Student makeup wows crowd

Natalie Murphy

nmurphy@foghornnews.com

@foghorn_murphy

Caitlynn Mitchell arrived at the Fine Arts Building three hours early to start applying her makeup for the 2 p.m. show.

“I started working on my character right after Halloween. My fiancé upset me so I decided to make my character eat him,” Mitchell said.

The class was tasked with not only creating a unique makeup design but also creating a full character with back-story and costume, said Shara Haghjoo, associate professor of drama.

The class got off to a rocky start after Hurricane Harvey put everyone almost a month behind schedule.

“This class was able to complete all the assignments and everyone is on time. We didn’t cut anything out of the core syllabus,” Haghjoo said.

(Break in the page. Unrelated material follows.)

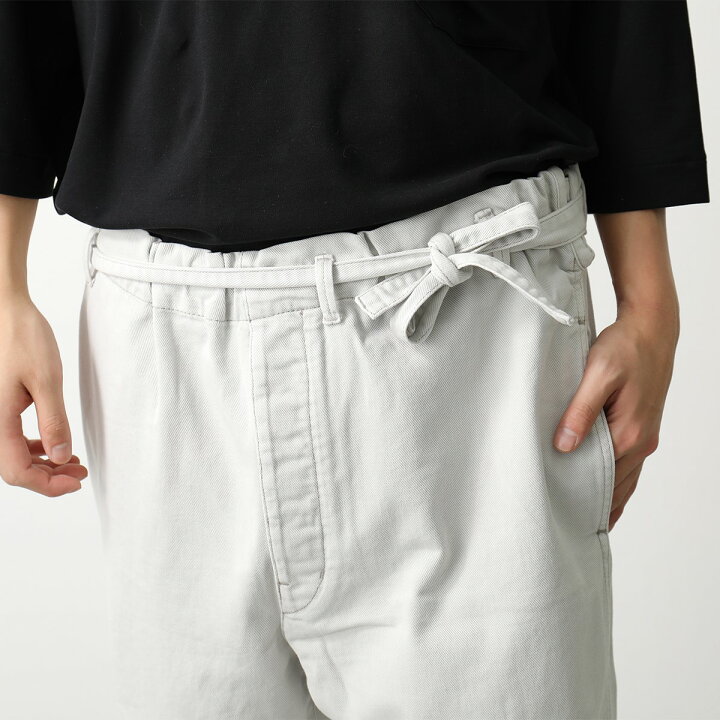 楽天市場】Lemaire ルメール デニム JUDO PANTS ジュード― パンツ 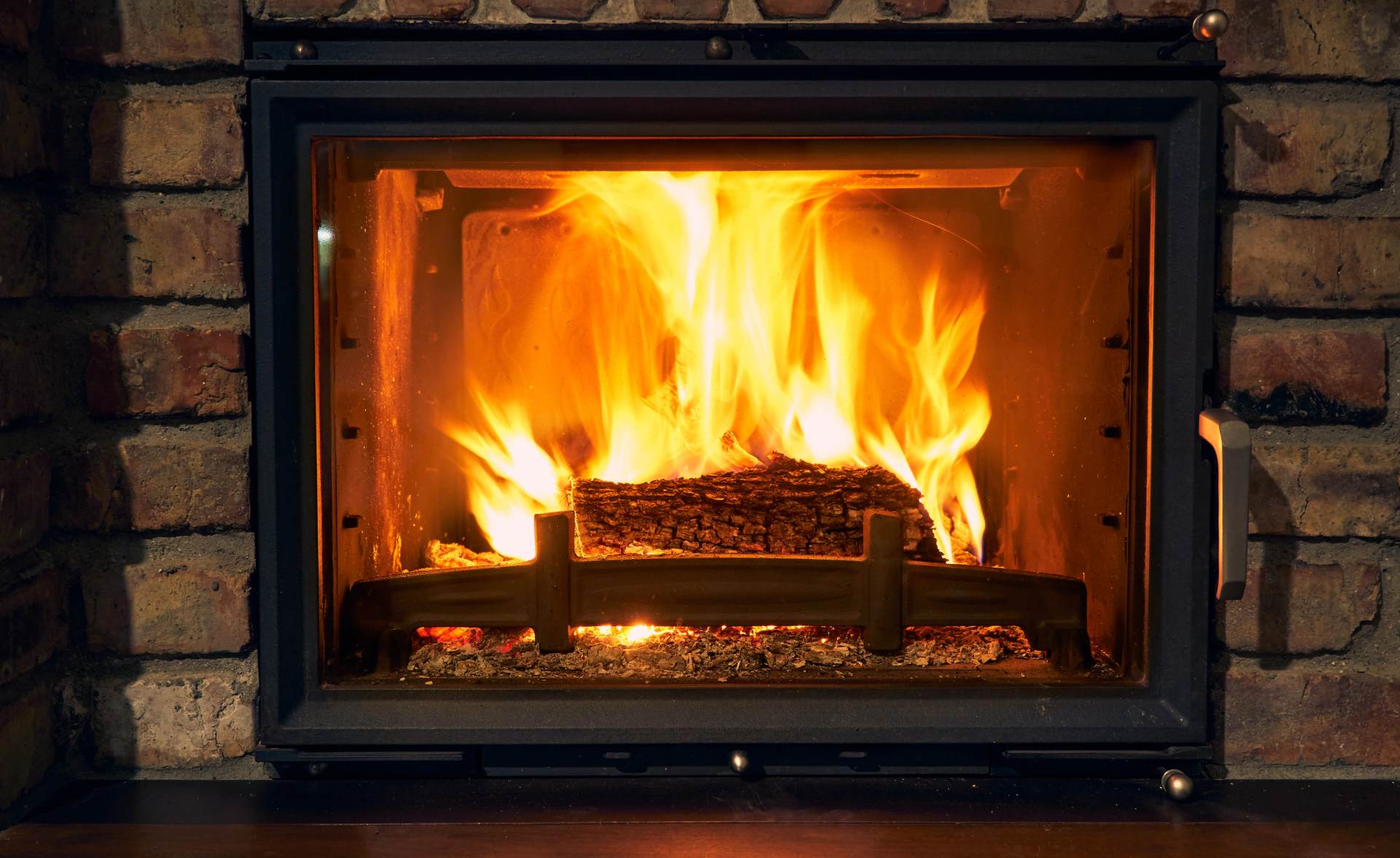 Fireplace image Fireplace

Haghjoo said there are about seven application techniques that must be learned before the students can complete the final project. One of those techniques is using the airbrush.

“We are now equipped with a full airbrush studio, that’s really important. It’s the standard now because of HD and 4K,” Haghjoo said.

Danielle Garza knew exactly what her character would look like when the assignment was first discussed.

“I already knew, I sat down and drew it out,” she said. “I was going for a mixture of elegance and sci-fi horror.

Garza said her “scales” were premade out of a mixture of glycerin, gelatin and water.

“I made the prosthetics over a period of three days. I made all the scales individually then put them all together,” Garza said.

Garza said she spent about an hour applying her prosthetic pieces before the show.

“The more you make beforehand the more time you save the day of,” Garza said.

Garza and Mitchell, along with several other students, had prosthetics applied directly to their eyebrows.

“The real fun starts when they get home and try to take those off without ‘waxing’ their eyebrows off,” Haghjoo said.

Mitchell explained there was a careful process that she and Garza would go through together, helping to ensure they’d both still be sporting brows.

“We have this stuff called Bond Off. Basically you shove a Q-tip under there and let it sit. Your partner has to make sure it’s ready to come so you don’t wax yourself accidently,” Mitchell said.

Eyebrows or not, Haghjoo says she’s thrilled with the final products, especially after the tumultuous start.

“I’m so proud of them. They’ve worked really hard,” Haghjoo said.